Why might I have false memories about celebrity speech synthesis? Well, in the late 1980s, when I still worked at Bell Labs, I spent a week in Denver recording a (minor) celebrity voice. The speaker was a woman working at a country music radio station, who had previously recorded the messages and prompts for AT&T's AUDIX voicemail system, for which the engineering development was then done at the Western Electric facility in Denver. The AUDIX people wanted to see if they could add general text-to-speech capability using the same voice.
This didn't work out in the end, for various reasons (corporate re-orgs; unclarity about how customers would get text into the system in those pre-cell-phone, pre-internet days; the Uncanny Valley effect, etc.). But it was the occasion for a fair number of semi-jokes about celebrity voices — could we recruit Charlton Heston, we wondered?
And I learned some interesting things about voices from Miss Audix, as she was called in this professional role.
When she originally recorded the AUDIX prompts, using her normal voice-over persona, the results had been vehemently rejected by the customer. After several equally unsatisfactory iterations, she finally hit on what she called her "happy secretary voice", which turned out to be exactly what they wanted. So she tried to adopt that persona for the material that I recorded (a typical list of phonetically-balanced sentences, somewhat like the current ARCTIC list but an order of magnitude larger).
This was not easy — she broke down laughing more than once, trying to give the happy secretary version of something like "The hogs were fed chopped corn and garbage". (Although we probably didn't actually include the Harvard Sentences in our list, fragments taken out of context in order to optimize the coverage of segmental n-grams tend to be similarly incongruous.) In the end, I think she reverted to a more standard voice-over delivery.

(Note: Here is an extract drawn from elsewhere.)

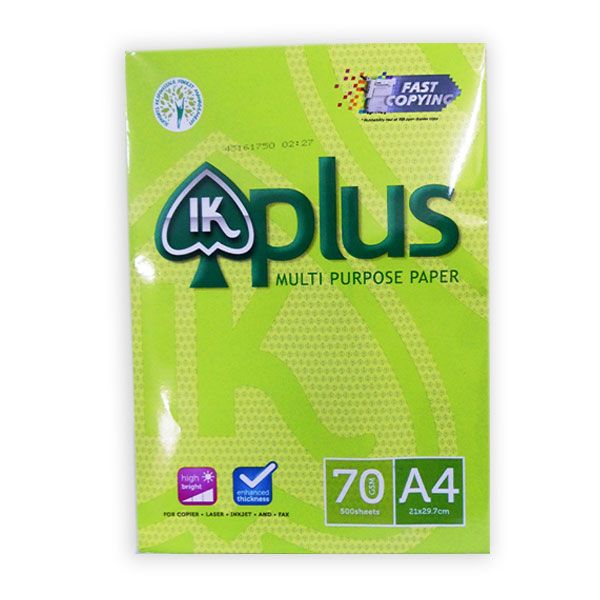 A4 Paper IK Plus 70gsm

And things broke down further when we got to the prose passages. I wanted to get recordings of some extended passages of coherent prose, for use in modeling her prosodic patterns in material other than sentence lists, and so I'd included a collection of newswire stories. But when we got to that point, Miss Audix objected.
In the first place, she explained, newswire stories are not written to be read out loud. As a professional newsreader, she would need to rewrite the stories and mark them up in various ways before reading them. I'd allowed one 40-minute session for her to read the stack of stories that I'd printed out for her — but it would take much longer than that for her to re-write them so as to be suitable for reading on the air.
And in the second place, she insisted, the clash of personas was just too much. Happy secretaries are not newsreaders, nor vice versa. OK, I said, just read them as you would normally.
But that was not a clear enough instruction, because she had worked at several different kinds of radio stations. And she gave a fascinating demonstration of the acting method behind her different ways of reading the same story on a public radio station, on an all-news AM station, or on a top-40 music station.
On an NPR outlet, she explained, her presentation would embody the idea that "This is really complicated stuff, but I'm intelligent, and you're intelligent, so I'm going to lay the ideas out in a way that intelligently reflects their structure, and since you're paying careful and intelligent attention, you'll understand." And her sample exhibited a correspondingly elaborate modulation of amplitude, pitch, and time.
On an all-news AM station, she explained, the idea is "This is really important and you're really busy so just listen for a minute and you'll get all the essential stuff you need to know". And in her sample, she talked fast and loud and urgently, with great but generally uniform emphasis.
And on a music station her message was "You don't want to hear this, and I don't want to read this either, but the FCC makes us do it, so just ignore me for a minute and we'll get back to the tunes." The corresponding was rapid, soothing, unemphatic and easily backgrounded.
I think that we resolved the dilemma with something like "just imagine that you're reading the newspaper out loud to your grandmother whose eyesight is failing", but I'm not sure. Anyhow, this is an aspect of speech synthesis (and speech science) that still needs some work.